In lieu of a conventional arc of action, the film focuses on the war’s human toll, both individual and collective. With little narrative motivation bestowed upon Paul and co., the film assumes a sort of flatlined feeling, as if a happy resolution was never an option. Whether by their own hand or the enemies’, the inevitability of the boys-turned-pawns’ demise is sealed under the command of egotistical military leaders. The ticking clock of the armistice, by the end of the film, underlines the big question inherent in Remarque’s novel: “what was any of this worth?” Ordering a final surge fifteen minutes before the armistice is to begin so that Germany can end the war with a victory—does this justify the casualties incurred?
The sentiments of an anti-war film are not new concepts but are nonetheless vital additions alongside the gung-ho pictures that often lack self-awareness. AQotWF serves more as a recapitulation of a nearly 100-year-old story dished for modern times. The film is about as diverse as you would expect the 1918 Franco-German frontlines to be, and the film’s attempts at humanizing its characters can feel forced and unnecessary within its thematic futility.

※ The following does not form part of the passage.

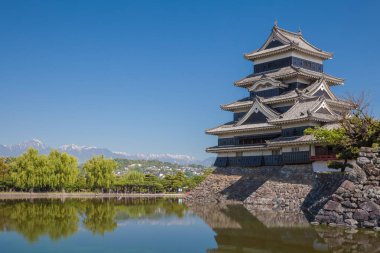 Japonca Matsumoto Kalesi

As an anti-war film, AQotWF emulates the grisly reality deployed to similar ends in Come and See and (more thematically than in content) The Painted Bird; innocence and humanity are beaten to a bloody pulp under tank treads and mortar shelling, and men are reduced to animals. The film starkly juxtaposes the soldiers’ gruesome experiences against the experiences of those calling the shots, playing war games, and negotiating surrenders while they comment on the lack of fresh pastries in a train dining car and feed their guard dogs meat scraps. (Food is also a recurring motif: the film opens with suckling foxes, and the soldiers’ appetite is mentioned throughout; they are ravenous enough to enjoy raw eggs out of a tin cup, as well as French provisions in a trench mid-attack). What makes AQotWF an effective anti-war film is the way it paints the senseless horrors of such an experience. The film affects the tolls of the war, both mental and physical, rather than romanticize the glory forged in what, at its root, is a massacre fought over a few feet of No Man’s Land, hardly moving the line an inch.
Though the film has been in production since 2020, its release on Netflix coincides with Russia’s mass conscription meant to fuel the ongoing invasion of Ukraine. We need not look any further than a power-hungry despot shrugging off mounting casualties in the name of national pride to find a contemporary, real-world parallel for the film, and consider the notion that war and violence never abate, they only adapt.